Your task is to repeat exactly the lines from the one with "Clairefontaine Kaartsetje, Traditionele" through the end of the records, both included; please leave the pictures out.

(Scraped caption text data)

= Beginning of Section =

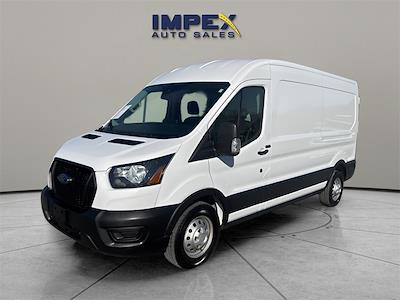 Used 2022 Ford Transit 250 Medium Roof Empty Cargo Van for sale #1FV0888 - photo 1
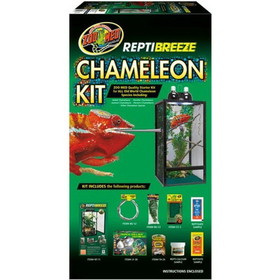 Zoo Med ReptiBreeze Chameleon Kit, ReptiBreeze Chameleon Kit, NT-11CK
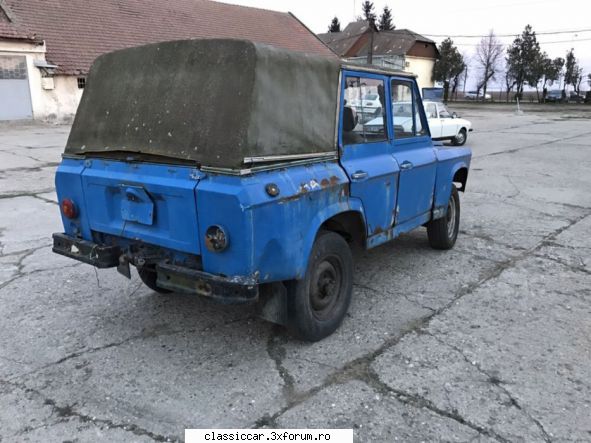 anunturi romanesti vazute pe net - Aro 241 din 1977 - Anunturi vazute pe net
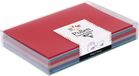 Clairefontaine Kaartsetje, Traditionele selectie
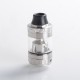 Authentic Vapefly Kriemhild II Sub Ohm Tank Vape Atomizer - Silver, 4.0ml / 5.0ml, 0.2ohm / 0.3ohm, Standard Edition-P Version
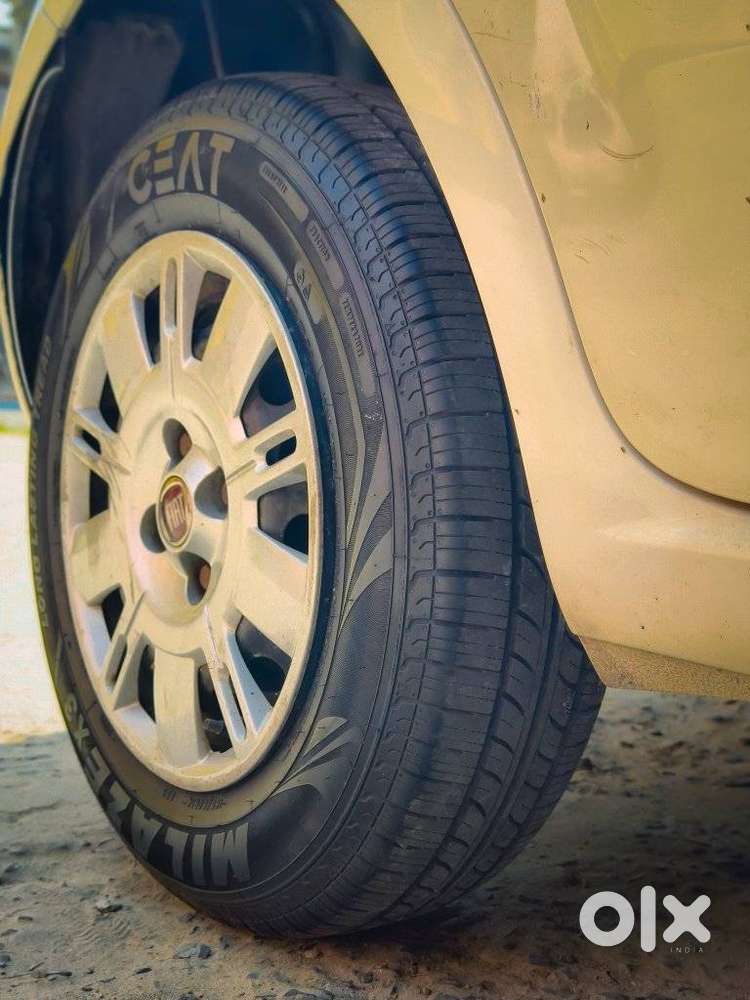 Fiat Punto Active 1.2, 2011, Petrol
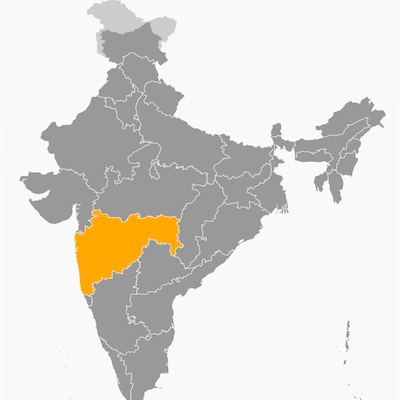 Etat du Maharashtra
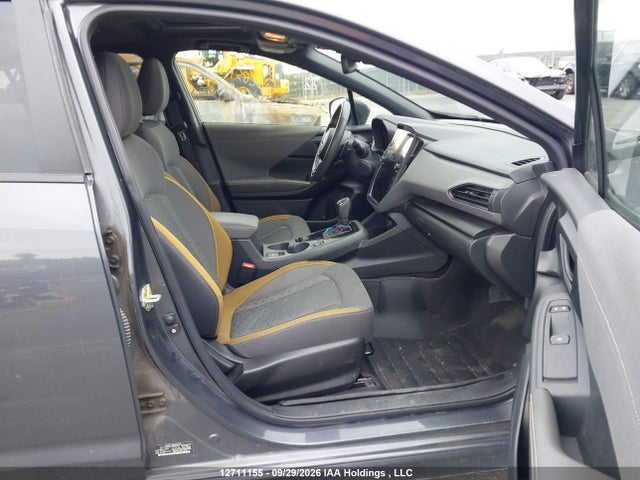 Auction sale of the 2024 Subaru Crosstrek Onyx, vin: JF2GUHFC3RH265871, lot number: 12711155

= End of Section =

SOLUTION TO THIS EXERCISE:
 Clairefontaine Kaartsetje, Traditionele selectie
 Authentic Vapefly Kriemhild II Sub Ohm Tank Vape Atomizer - Silver, 4.0ml / 5.0ml, 0.2ohm / 0.3ohm, Standard Edition-P Version
 Fiat Punto Active 1.2, 2011, Petrol
 Etat du Maharashtra
 Auction sale of the 2024 Subaru Crosstrek Onyx, vin: JF2GUHFC3RH265871, lot number: 12711155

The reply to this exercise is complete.